I totally agree with you. And I think in the past year or so, we're seeing a lot more enthusiasm and inquiries from treating physicians. And so we are really encouraged by the level of engagement that we are seeing from multiple sites that we are engaging as we think about commercial readiness, and that work stream has been ongoing for a few months. And so, that has been really encouraging to see the amount of the enthusiasm that is in the number of different academic institutions. Some have been participating in our clinical trials and some are brand new to this type of therapy.

Okay. Maybe in the last minute, and I apologize for the last minute, but just the strategy for long when we kind of see rollouts of data there?

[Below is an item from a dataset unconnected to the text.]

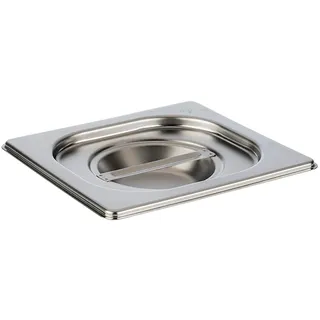 APS GN 1/6 Deckel ohne Löffelaussparung, rostfreier Edelstahl, Abmessungen 176 x 162 mm/Höhe 30 mm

So I haven't commented to a specific data flow. I've been very transparent that in our Cohort 3A, which is an early-line non-small cell lung cancer patients that are PD-1 naive, it's been a bit challenging to enroll, and we think that there certainly has been some contribution of COVID with patients not wanting to go to academic institutions when they have an alternative therapy that they can receive in their local hospitals. In our Cohort 3B, we do have some patients, and we wanted to make sure we have adequate number of patients and adequate follow-up before we put anything out. We haven't committed to a specific conference or timing just because we wanted to be sure we have enough patients to be able to speak to that. We also have been clear about when we see patients in third, fourth, fifth-line non-small cell lung cancers, many of them really don't have a lot of life expectancy, unfortunately. So we have learned to limit the prior line of therapy for upcoming cohorts and upcoming studies in non-small cell to second-line. These patients are still defined very much with an unmet need in mind, but nonetheless, we are hoping not to see very late-line patients so that they do have the ability to receive the TIL therapy and last enough to sort of yield the data point, and benefit from therapy as well. So we did learn something from that. But in terms of data flow, we haven't committed to a specific timeframe, and nor do I generally commit. I -- we usually submit to a scientific conference and once the abstracts are publicly available, and then [indiscernible] is listed, we announce it.

Okay. Perfect. Thank you so much. I'm going to hand the line back to the operator. It's always a pleasure speaking to you, Maria and...

Thank you, Peter.

Thank you, operator. And thank you, Maria. I hand it back to the Operator.